- [WORK TO BE COMPLETED]:
Return the data word for word. Pictures are to be omitted.

** SUPPLIED ENTRIES follows **

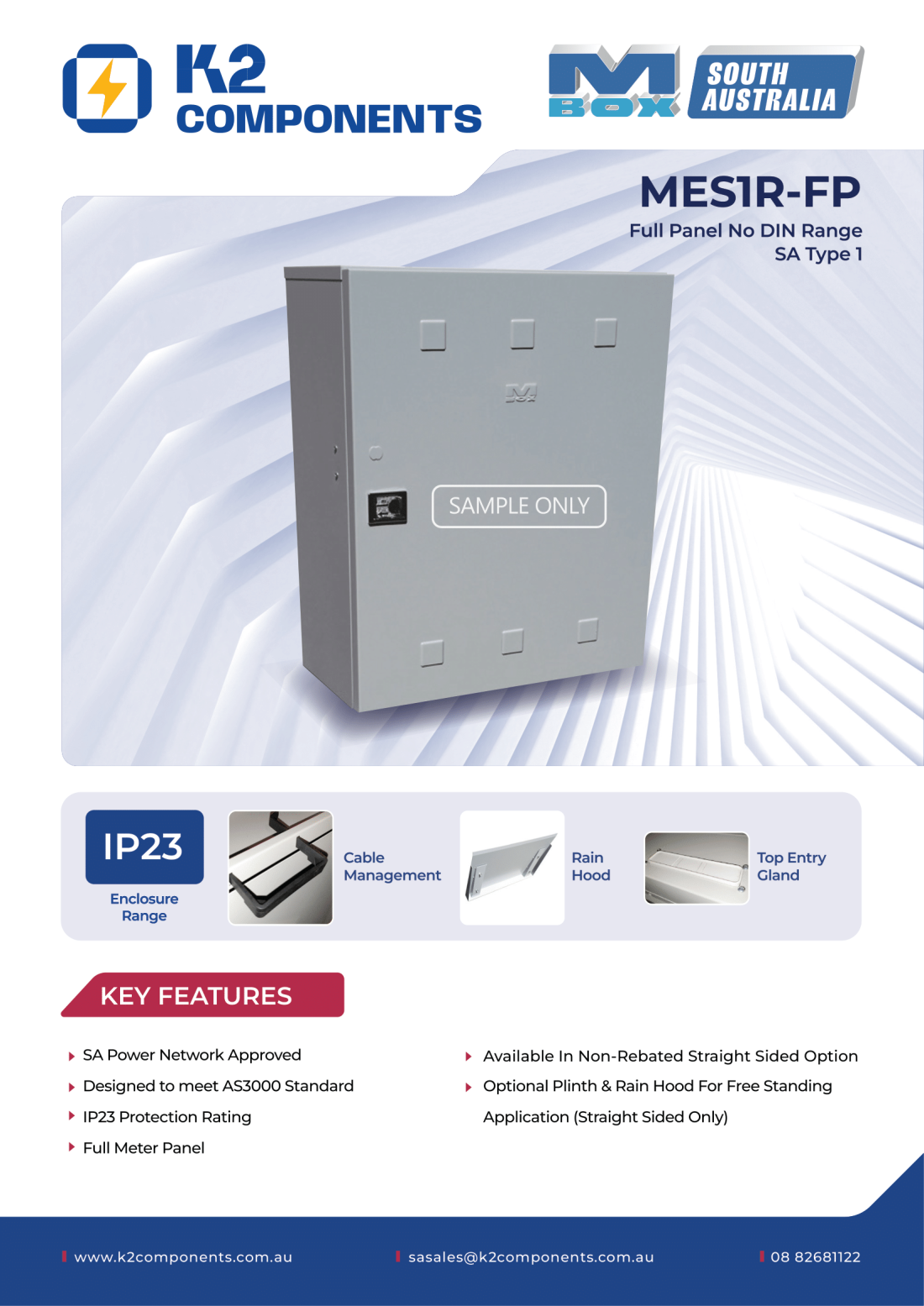 MES1R-FP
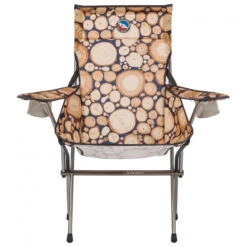 Big Agnes Big Six Armchair - Campingstuhl 16 Big Agnes Big Six Armchair - Campingstuhl -Tent Profi Verkaufsgeschäft big agnes big six armchair campingstuhl 3
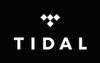 Tidal Streaming Service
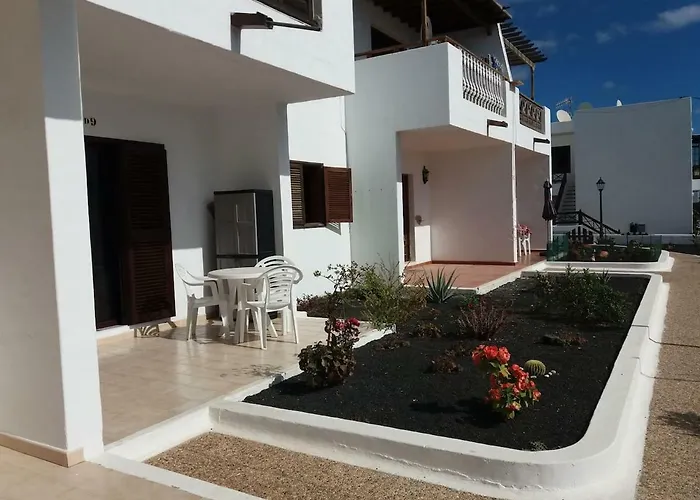 Relax In Πουέρτο Ντελ Κάρμεν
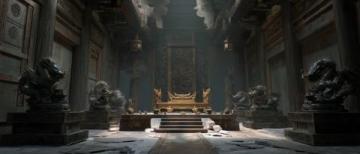 古德寺：漢傳佛寺獨(dú)特奇觀，歐亞建筑風(fēng)格融合之旅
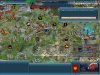 Civ4ScreenShot0166.JPG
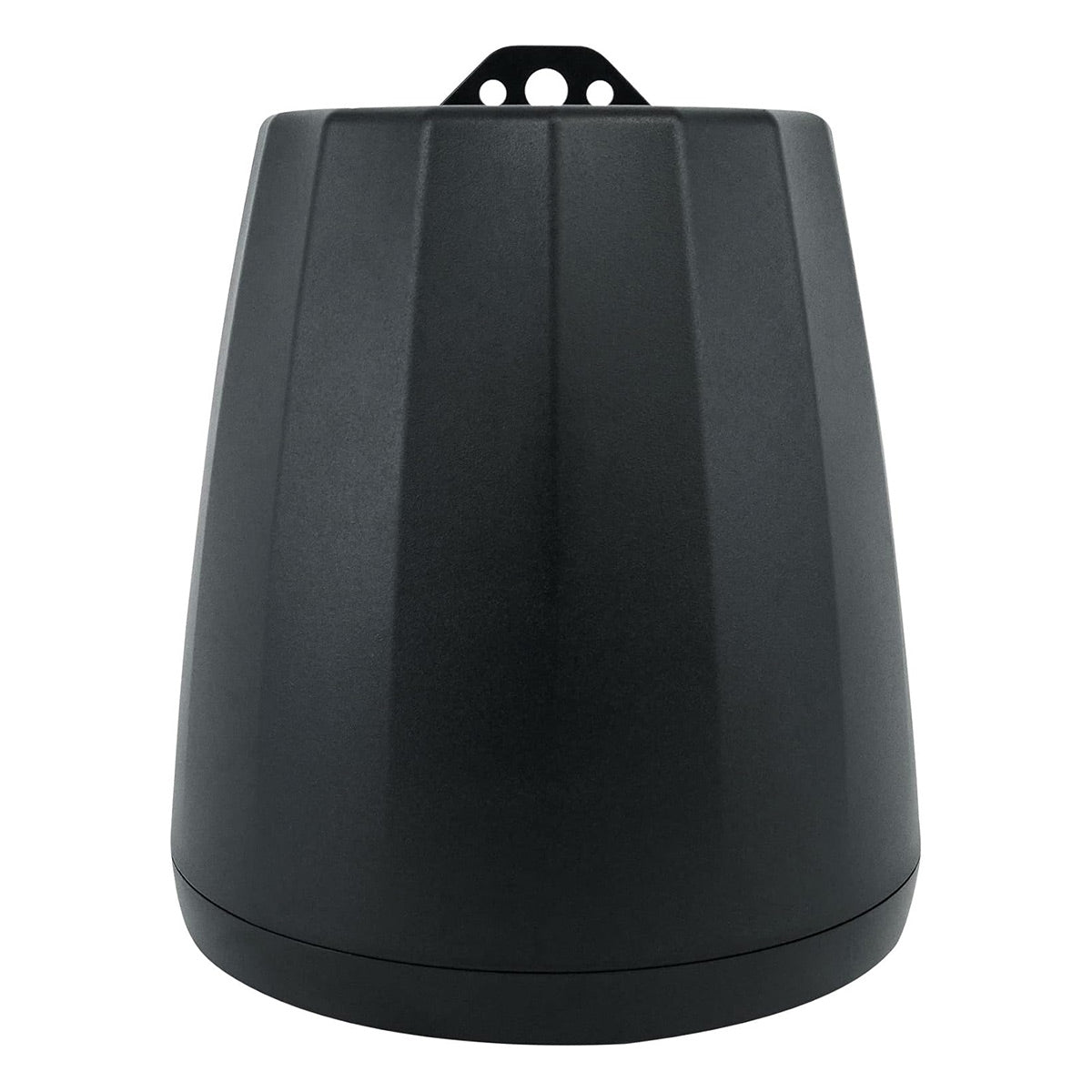 JBL Professional Control 64P/T 4 Inch Compact Full-Range Pendant Speakers - Pair (Black)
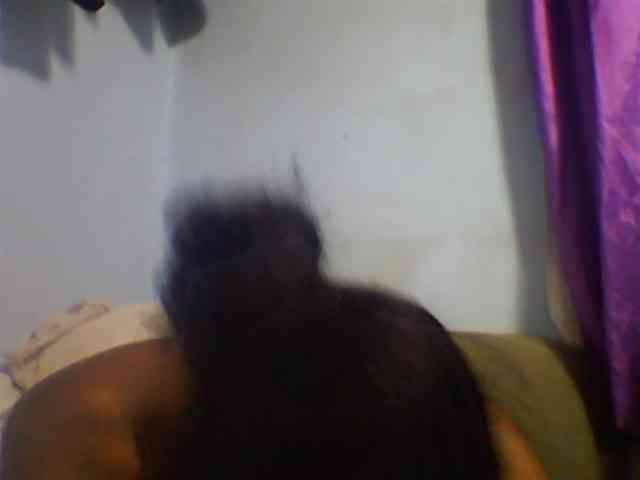 Tifatifa webcam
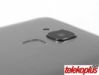 Huawei Honor 7 lite slika 14
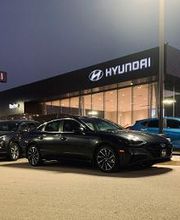 Zeigler Hyundai of Racine image 1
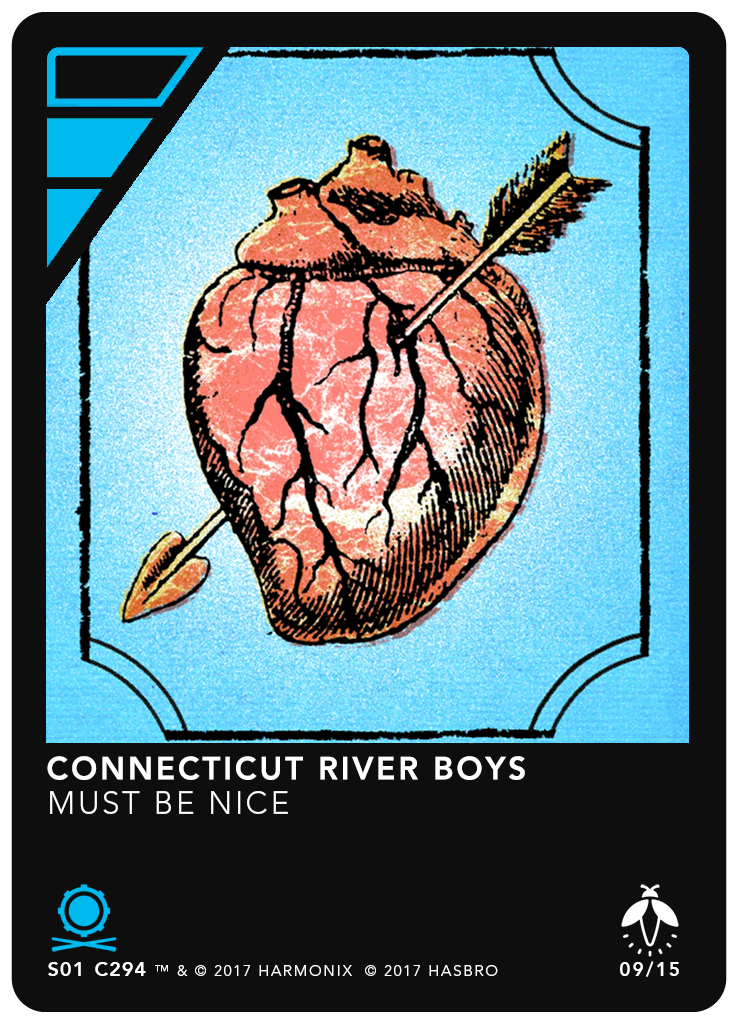 S01C294.png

** End of SUPPLIED ENTRIES **

- [OUTPUT]:
 MES1R-FP
 Big Agnes Big Six Armchair - Campingstuhl 16 Big Agnes Big Six Armchair - Campingstuhl -Tent Profi Verkaufsgeschäft big agnes big six armchair campingstuhl 3
 Tidal Streaming Service
 Relax In Πουέρτο Ντελ Κάρμεν
 古德寺：漢傳佛寺獨(dú)特奇觀，歐亞建筑風(fēng)格融合之旅
 Civ4ScreenShot0166.JPG
 JBL Professional Control 64P/T 4 Inch Compact Full-Range Pendant Speakers - Pair (Black)
 Tifatifa webcam
 Huawei Honor 7 lite slika 14
 Zeigler Hyundai of Racine image 1
 S01C294.png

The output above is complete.